GOAL OF THE EXERCISE:
Filter the entries and keep only the lines where the string "Photo" appears.

RECORDS SHOWN:
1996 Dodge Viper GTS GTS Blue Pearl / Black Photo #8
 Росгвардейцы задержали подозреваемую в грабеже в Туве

---

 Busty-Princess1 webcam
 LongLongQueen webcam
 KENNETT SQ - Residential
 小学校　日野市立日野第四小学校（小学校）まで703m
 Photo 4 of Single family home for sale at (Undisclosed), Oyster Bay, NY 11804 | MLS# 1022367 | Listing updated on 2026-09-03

==

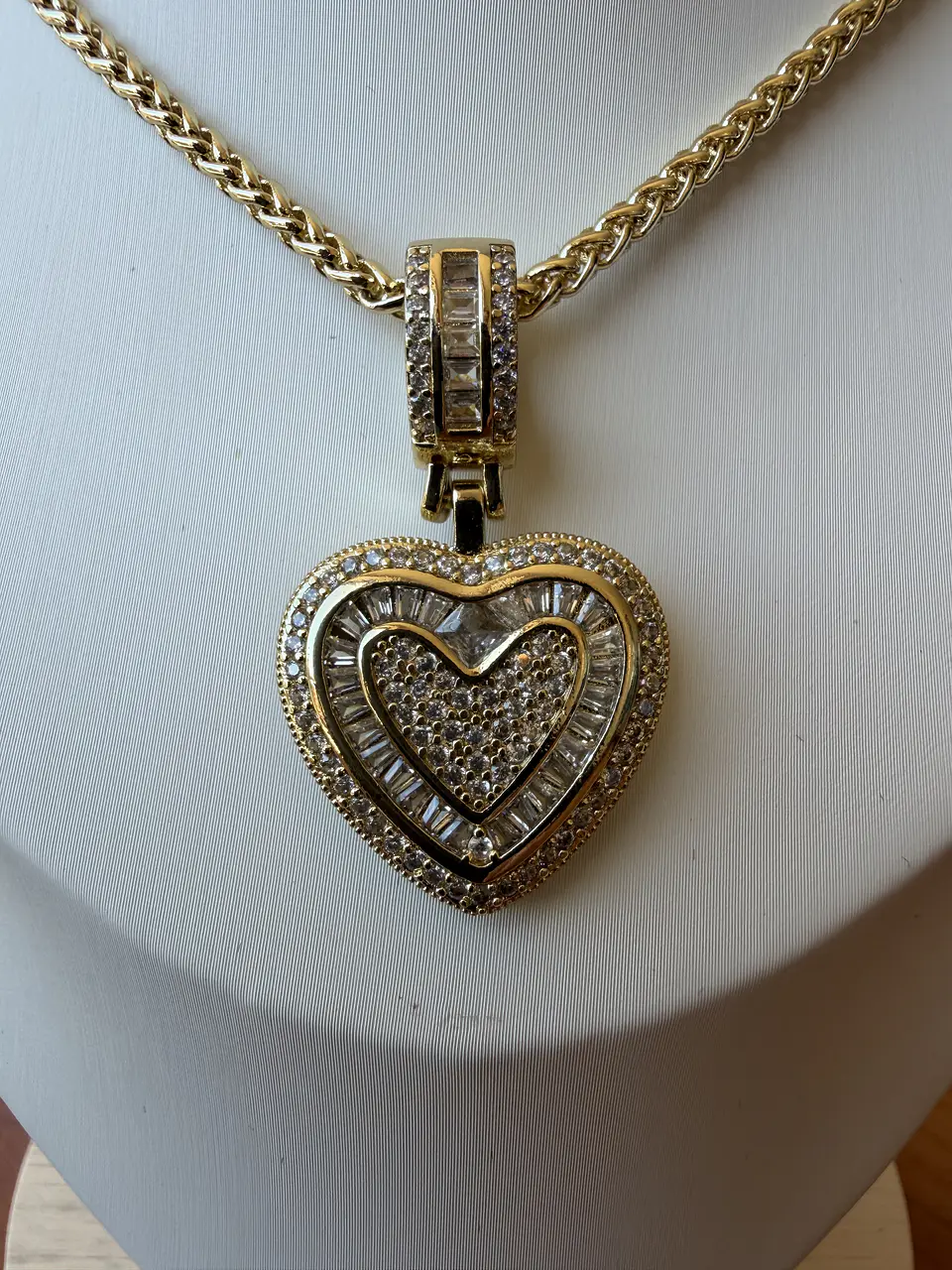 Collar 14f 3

RESPONSE AREA:
1996 Dodge Viper GTS GTS Blue Pearl / Black Photo #8
 Photo 4 of Single family home for sale at (Undisclosed), Oyster Bay, NY 11804 | MLS# 1022367 | Listing updated on 2026-09-03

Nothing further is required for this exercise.